Kent, still disguised as Caius, meets up with the Gentleman, who informs him that the King is still running about in a night so dreadful that even lions and bears have taken to their dens.
The gentleman says that only the Fool accompanies the King on his mad journey, trying to stave off Lear's madness with friendly jokes.
Kent then gives the gentleman a political update: tension between Regan's husband (Cornwall) and Goneril's husband (Albany) may result in a civil war, though they're keeping it hush-hush.
Aside from possibly having a war, both Albany and Cornwall may be united in one activity: plotting against the life of Lear, their father-in-law.

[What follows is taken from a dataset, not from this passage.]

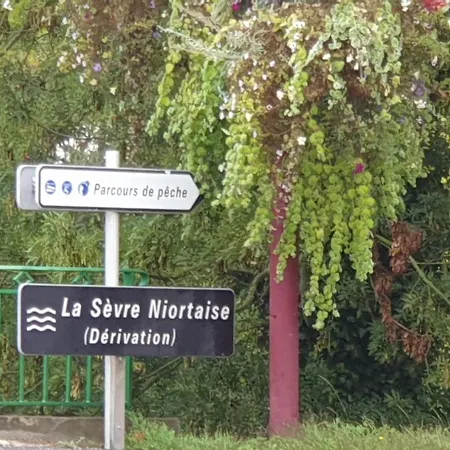 Un Trois Etoiles Entre La Rochelle Et Les Marais Poitevin *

This has all been discovered by spies placed strategically in their houses as servants, and France (which has likely sent the spies) is even now preparing to make a move against these divided houses.
Kent then reveals he's actually a gentleman himself, meaning that he's of noble breeding, and not just a random guy. But he doesn't go so far as to reveal that he's Kent.
Kent asks the Gentleman to be a messenger for him. He instructs him to go to Dover (where Cordelia is) and report of Lear's recent ill-treatment.
He then gives the Gentleman his purse so the messenger will be inspired to actually do the job at hand.
He also gives the Gentleman a ring to deliver to Cordelia along with the message. The ring will let Cordelia know who the message is from, and then she can tell the Gentleman who he's been dealing with.
As they part, Kent says, "I'll go this way, and you go that way. Let me know if you find the King—I'll do the same."